> _About this exercise_:
Retype the data below verbatim; pictures do not belong in the copy.

___ Given data

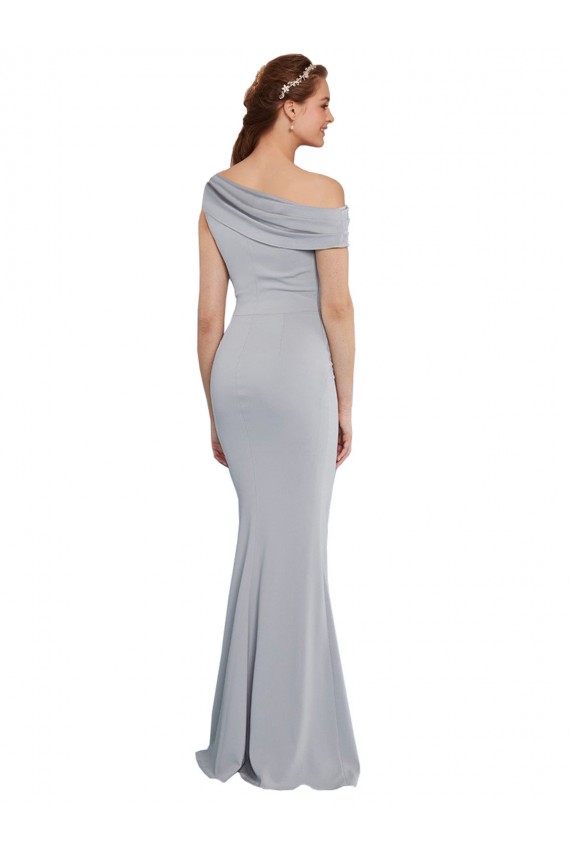 Stretch Crepe Mermaid Long Sleeveless Grey Formal Dress / Bridesmaid Dress Barrie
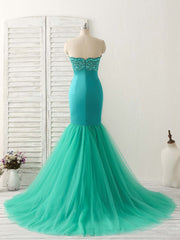 Green Tulle Mermaid Long Prom Dress Outfits For Women Green Evening Dress
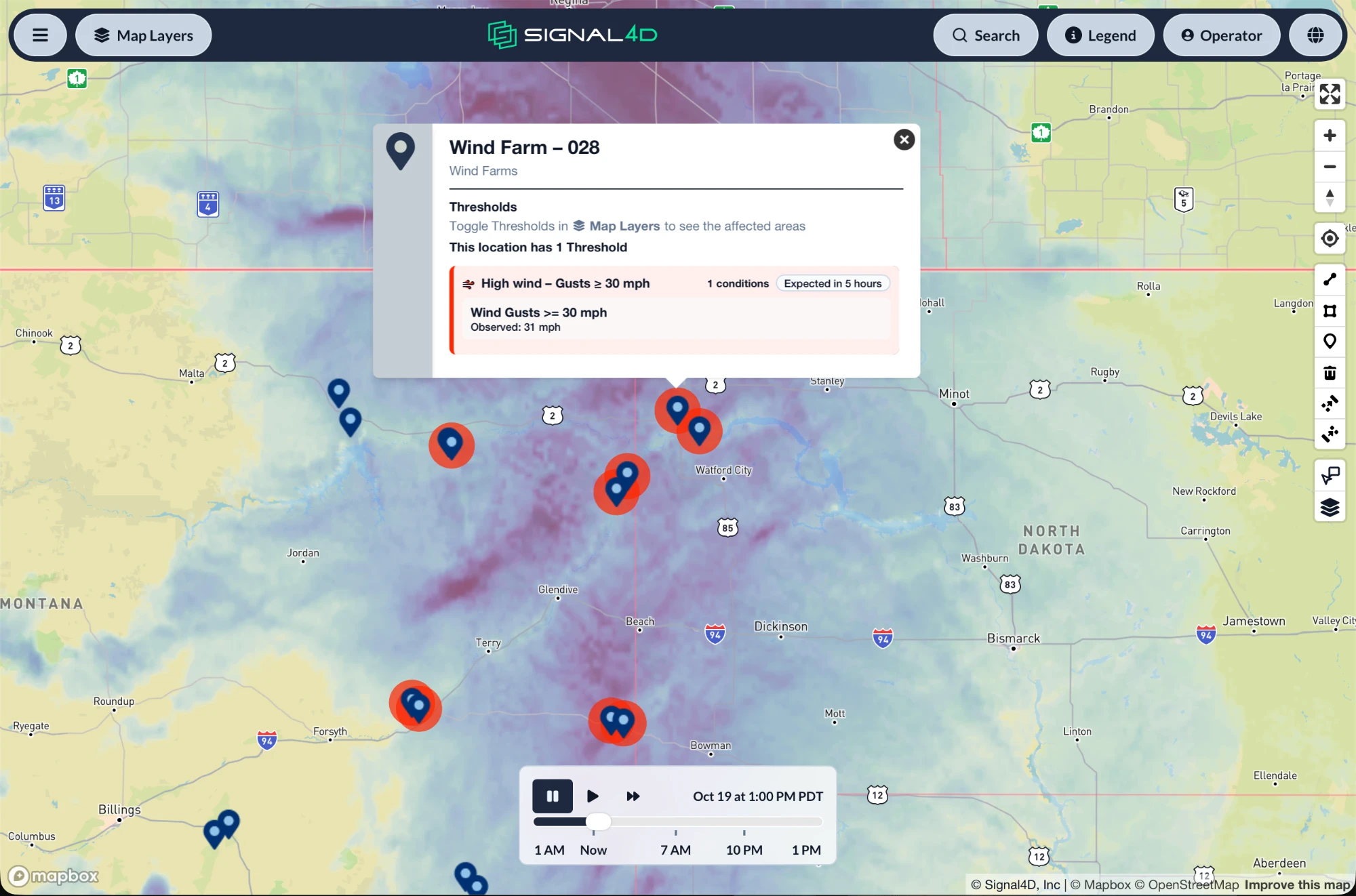 Wind farms across eastern Montana and western North Dakota, with several sites ringed in red and one showing a wind gust threshold expected to be crossed in 5 hours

______

> _Solution to the exercise_:
 Stretch Crepe Mermaid Long Sleeveless Grey Formal Dress / Bridesmaid Dress Barrie
 Green Tulle Mermaid Long Prom Dress Outfits For Women Green Evening Dress
 Wind farms across eastern Montana and western North Dakota, with several sites ringed in red and one showing a wind gust threshold expected to be crossed in 5 hours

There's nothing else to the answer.